Wouldn't be just spheres position export/import be sufficient for continuation?
Cheers
Jan

 Revision history for this message JINSUN LEE (ppk21) said on 2023-03-07: #2

Actually, the final goal of this code is to perform cyclic simple shear test.

Thus, the K0 stress condition overburdened by using top-cap plate should be transferred to the following stages (CBT_T4.py)
The minimum informations for the final test are position of bodies(spheres, facets), material properties, interactions (internal stresses and stresses acting between spheres and facets)

Regards.

 Revision history for this message Bruno Chareyre (bruno-chareyre) said on 2023-03-07: #3

Hello,
Could you please try an concatenate the files as much as possible (ideally just one file)? or find a way to reproduce the zero timestep which wouldn't require us to go through 3 scripts?
Bruno

 Revision history for this message Bruno Chareyre (bruno-chareyre) said on 2023-03-07: #4

Something rings a bell:

O.bodies[-1].state.blockedDOFs='xyXYZ'

Does body "-1" have a mass, at least?...
I'm unsure save/load needs to be in the picture. That's why we ask to not send multiple scripts, it raises false issues in many cases.
Just load+run, nothing else, and see if the 0 timestep happens?
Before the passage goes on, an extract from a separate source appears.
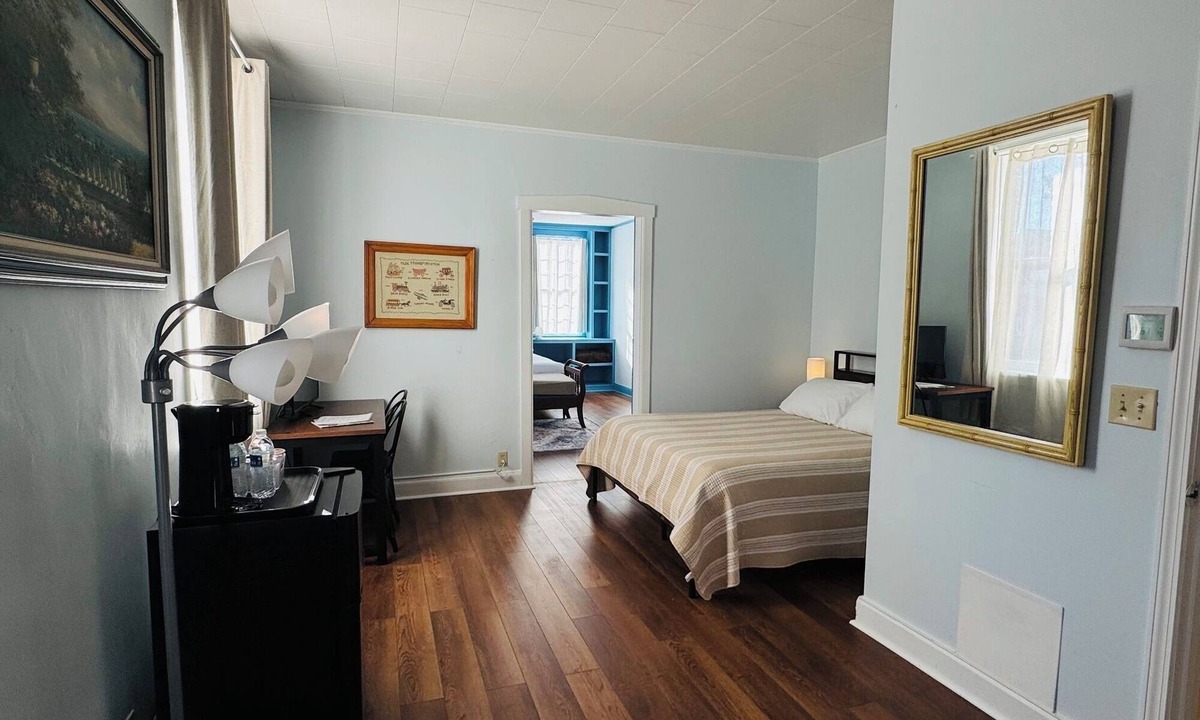 Hermann Hotel | Nestle Inn is a charming, historic hotel located in the heart of Hermann, MO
Do you really need to keep "z" unblocked? Blocking everything would probably fix the problem.

Bruno

 Revision history for this message JINSUN LEE (ppk21) said on 2023-03-08: #5

Thank you for your interest,

The first reason why I use O.save/O.load is to plan parametric study which is designed to find the effect of confining pressure, stress path and loading cycles(frequency, amplitude etc.) for the identical sphere sample.
Also, It is time consuming process to generate sphere sample by using pluviation process in DEM code when the number of particle exceed 10k.

The second reason is to see "what is going on?" during the simulation. If I use O.wait() then the graphical interface becomes to black

The last reason is trivial, because I got used to handle PFC code :)

===

DOF of the body "-1" is only allowed to move in "Z" direction. Because, the script is intended to apply overburden pressure using the mass of the top plate (facets). If DOF of the other directions "X" and "Y" is unblocked, the top plate will rotate or translate when it touches the spheres.

I was tried to use "ServoPIDController" but, it cannot keep pressure acting on "Z" direction when the top plate is subjected to translational sinusoidal motions in "Y" direction which is required to simulate cyclic simple shear test.

Regards.

 Revision history for this message Bruno Chareyre (bruno-chareyre) said on 2023-03-09: #6

I was not questioning why you use multiple scripts to produce results, this is your business (although none of the reasons you list are applicable see [1,2], there are better solutions). The point is that it is better to avoid multiple scripts at least when asking questions, namely because nobody wants to go through 3 scripts to try and understand your problem.
And, in fact, by trying to provide a unique script for this question you would have find that reloading wasn't the cause of your problem, at all.
The only problem is to unblock the DOFs of bodies with null mass (facets).
Bruno

[1] According to https://www.yade-dem.org/wiki/Howtoask: "If the input of one script is the output of another script, then both scripts should be merged into one. That is: avoid sending multiple scripts just like you avoid sending input files to a script. If needed, the method to save and reload in one single script is illustrated here [2]."